AIM OF THE TASK
Every line below that has "Water" in it should be copied.

RECORDS PROVIDED
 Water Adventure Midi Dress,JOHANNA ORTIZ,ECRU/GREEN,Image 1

---

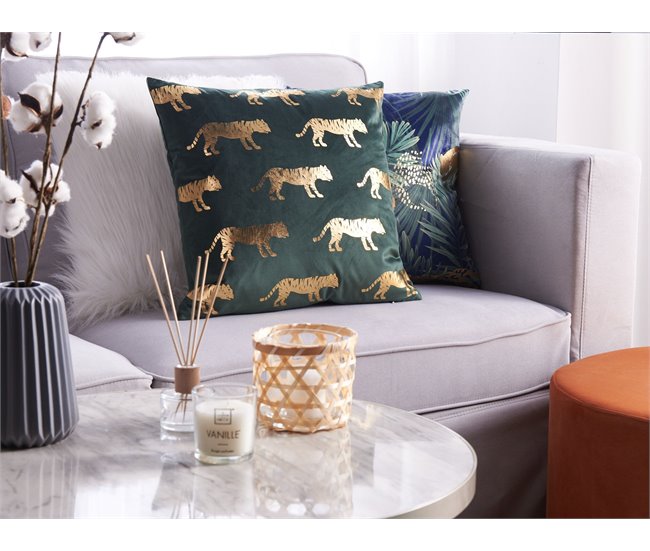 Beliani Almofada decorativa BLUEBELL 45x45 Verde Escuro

---

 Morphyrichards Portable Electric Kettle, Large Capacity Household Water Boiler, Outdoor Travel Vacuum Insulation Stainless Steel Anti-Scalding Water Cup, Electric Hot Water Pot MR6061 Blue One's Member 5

WRITTEN RESPONSE
 Water Adventure Midi Dress,JOHANNA ORTIZ,ECRU/GREEN,Image 1
 Morphyrichards Portable Electric Kettle, Large Capacity Household Water Boiler, Outdoor Travel Vacuum Insulation Stainless Steel Anti-Scalding Water Cup, Electric Hot Water Pot MR6061 Blue One's Member 5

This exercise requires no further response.